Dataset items
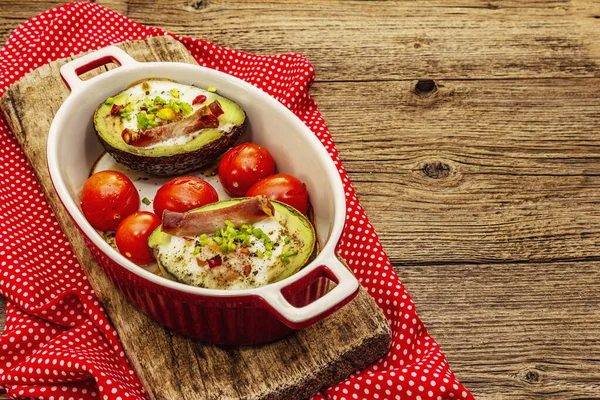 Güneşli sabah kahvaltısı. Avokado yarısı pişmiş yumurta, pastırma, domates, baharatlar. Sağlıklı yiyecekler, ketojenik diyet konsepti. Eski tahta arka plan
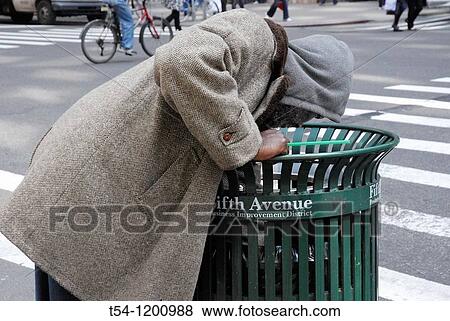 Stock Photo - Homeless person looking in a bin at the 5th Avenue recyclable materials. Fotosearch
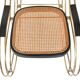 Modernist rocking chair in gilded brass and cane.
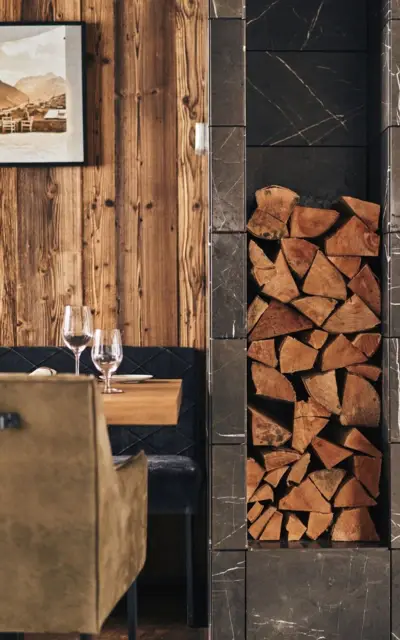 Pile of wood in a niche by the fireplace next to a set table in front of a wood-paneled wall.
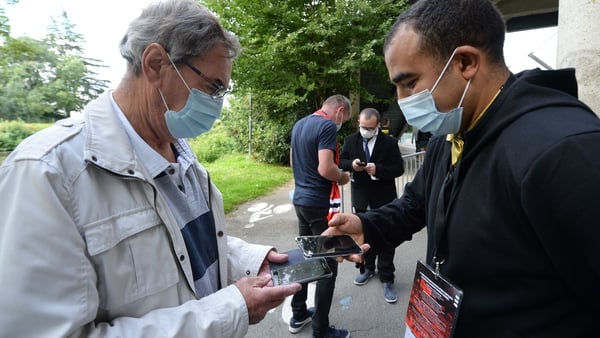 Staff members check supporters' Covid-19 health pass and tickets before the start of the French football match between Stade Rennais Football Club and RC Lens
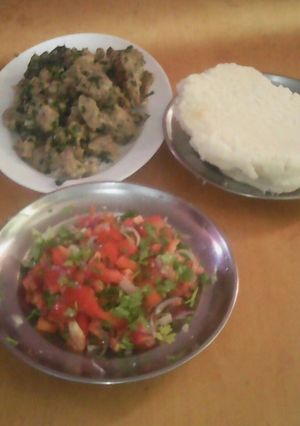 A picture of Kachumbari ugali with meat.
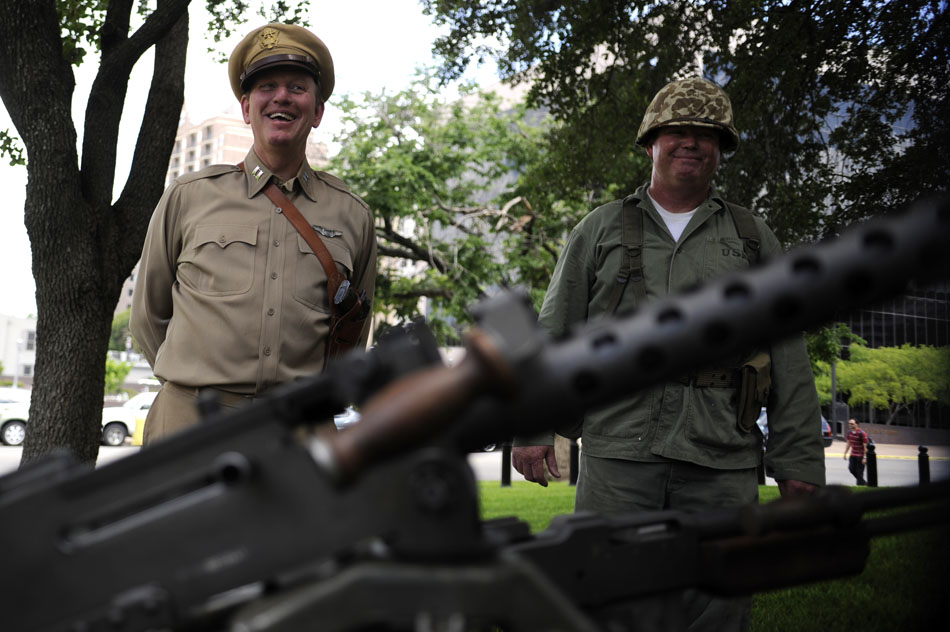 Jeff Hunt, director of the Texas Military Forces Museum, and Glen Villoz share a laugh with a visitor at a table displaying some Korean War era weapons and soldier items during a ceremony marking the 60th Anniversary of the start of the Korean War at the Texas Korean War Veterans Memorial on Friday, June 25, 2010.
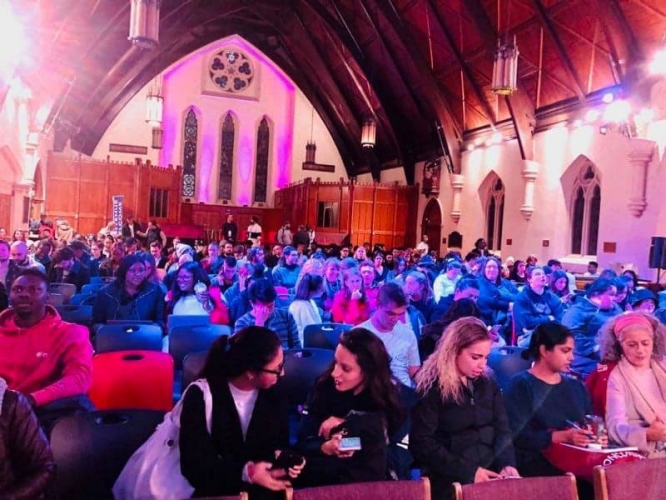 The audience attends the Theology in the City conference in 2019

### THE TASK
All preceding records should be duplicated verbatim, images excepted.

### RESPONSE AREA
 Güneşli sabah kahvaltısı. Avokado yarısı pişmiş yumurta, pastırma, domates, baharatlar. Sağlıklı yiyecekler, ketojenik diyet konsepti. Eski tahta arka plan
 Stock Photo - Homeless person looking in a bin at the 5th Avenue recyclable materials. Fotosearch
 Modernist rocking chair in gilded brass and cane.
 Pile of wood in a niche by the fireplace next to a set table in front of a wood-paneled wall.
 Staff members check supporters' Covid-19 health pass and tickets before the start of the French football match between Stade Rennais Football Club and RC Lens
 A picture of Kachumbari ugali with meat.
 Jeff Hunt, director of the Texas Military Forces Museum, and Glen Villoz share a laugh with a visitor at a table displaying some Korean War era weapons and soldier items during a ceremony marking the 60th Anniversary of the start of the Korean War at the Texas Korean War Veterans Memorial on Friday, June 25, 2010.
 The audience attends the Theology in the City conference in 2019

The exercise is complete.